News:

MASM32 SDK Description, downloads and other helpful links
MASM32.com New Forum Link
masmforum WebSite

rep & ecx ?

Started by Thomas_1110, August 26, 2009, 04:12:43 AM

Previous topic - Next topic

Thomas_1110

Hello
The masm32 reference says, that the count value for rep is stored in cx. So, cx is 16 bit, i tried it with ecx and it works fine over the 16 bit range (Win Vista).

push ds
pop es
mov esi, MemCopie_
mov edi, edx
mov ecx, filesize
rep movsb

My test was copy a file in Memory, copy the memory in another and then save the memorycopy to another file.

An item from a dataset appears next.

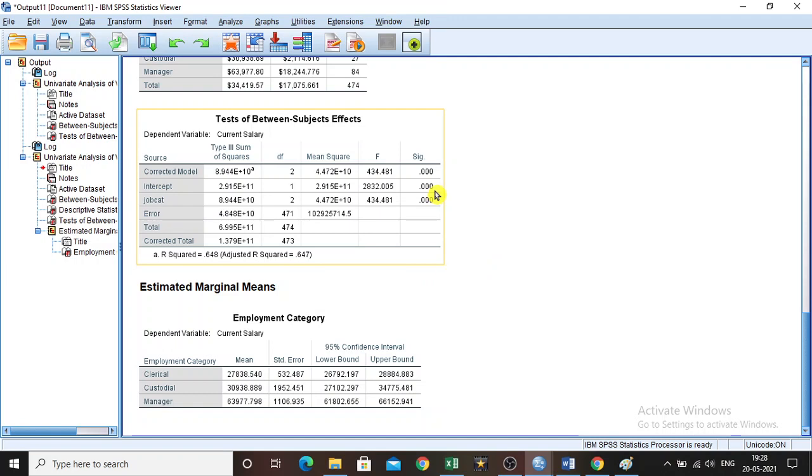In other words, we are accepting the alternative hypothesis. There is a significant difference between the means of all the groups. That is the conclusion. Thank you.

Filesize > 500 Mb.
Has anyone other experience with this?

dedndave

in 32-bit world, it is ecx - must be an old masm manual
also, you don't have to mess with ds and es - they are all the same in a flat model program
however, "mov esi, MemCopie_" is that a string ? or a pointer
it wants to be the offset of a string

but !!!
all that isn't neccessary if you are just trying to copy a file
no need to rep movsb anything
read it into a buffer
write it out from the same buffer

hutch--

Dave is right here, in FLAT memory model you don't touch the segment registers at all. Have a look at the memcopy procedure in the MASM32 library, it uses REP MOVSD for most of the file and uses REP MOVSB for the balance, its a lot fatser than byte copy. You can get faster versions again with MMX and with a late enough processor XMM instructions, depends what you need to do.
Download site for MASM32      New MASM Forum
https://masm32.com          https://masm32.com/board/index.php

Thomas_1110

Quotein 32-bit world, it is ecx - must be an old masm manual
Yes, i have 2 books. The one from 2001, the other from 2003.
Quoteall that isn't neccessary if you are just trying to copy a file
I know, i can do it easier with read_disk_file and write_disk_file.
It was just a test. Its 2 weeks ago that i began masm32 programming. I have so much to learn.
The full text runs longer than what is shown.